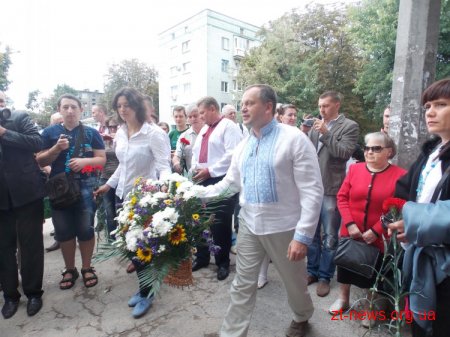 У Житомирі відкрили відновлену анотаційну дошку Олегу Ольжичу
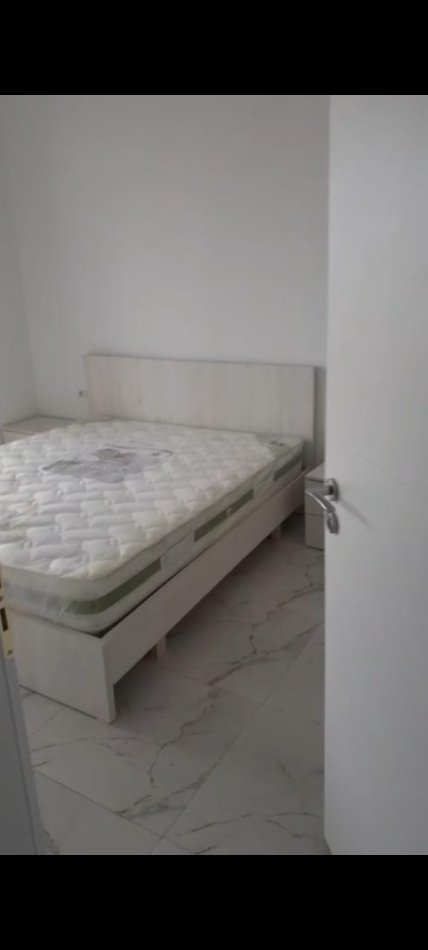 Tirane, jepet me qera apartament 1+1+Ballkon Kati 5, 70 m² 400 € (5 maji)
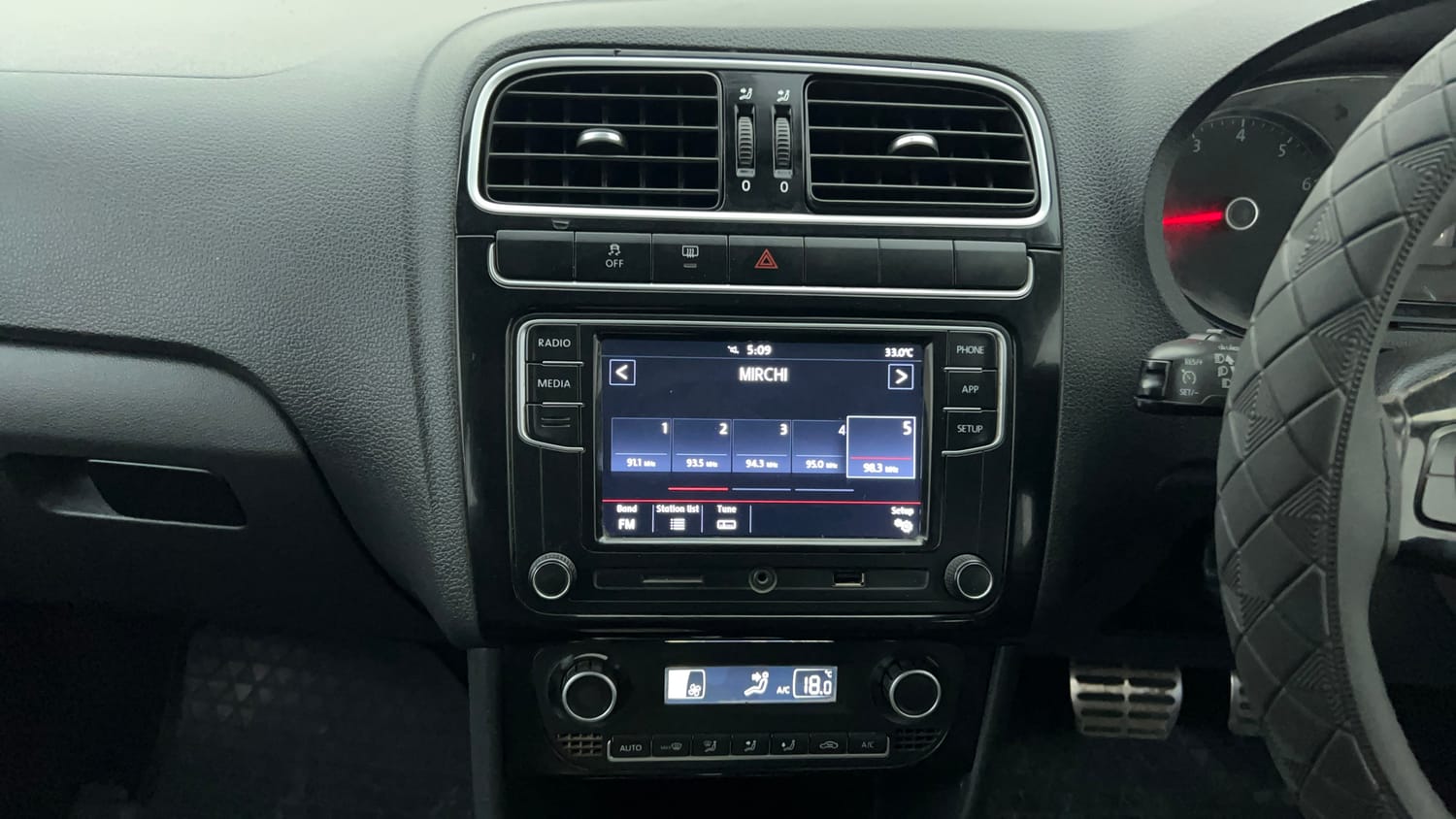 Used 2017 Volkswagen Polo GT TSI Petrol Automatic interior MUSIC SYSTEM & AC CONTROL VIEW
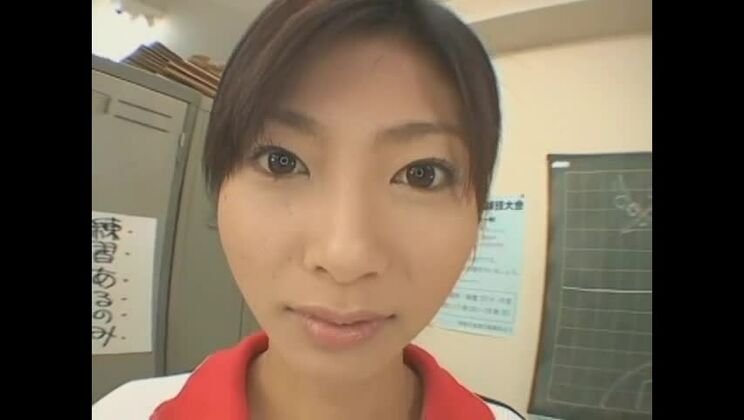 Красивая японская милф Рин Сузука.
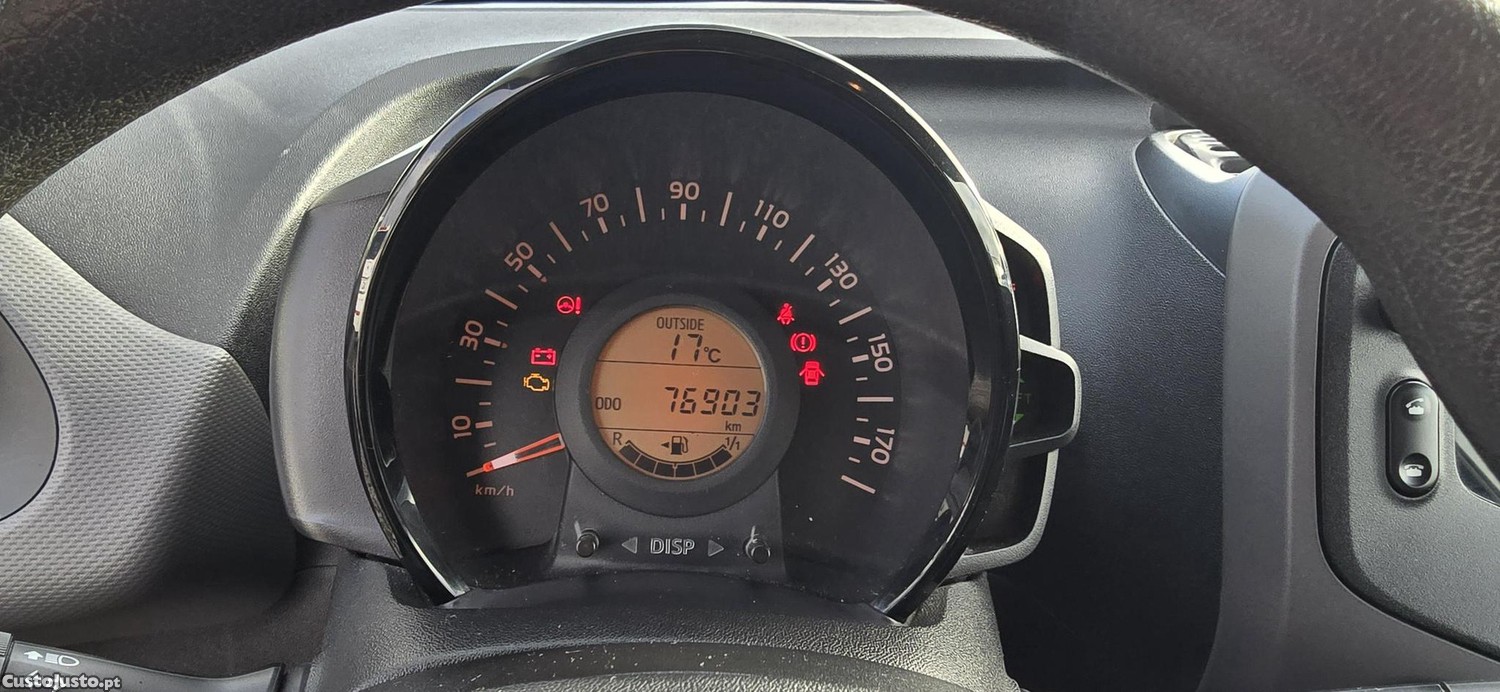 Peugeot 108 1.0 VTi Active — photo 5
● ● ● ● ●
What you need to do:
Copy every line of the data word for word, omitting the images.

Your response:
 У Житомирі відкрили відновлену анотаційну дошку Олегу Ольжичу
 Tirane, jepet me qera apartament 1+1+Ballkon Kati 5, 70 m² 400 € (5 maji)
 Used 2017 Volkswagen Polo GT TSI Petrol Automatic interior MUSIC SYSTEM & AC CONTROL VIEW
 Красивая японская милф Рин Сузука.
 Peugeot 108 1.0 VTi Active — photo 5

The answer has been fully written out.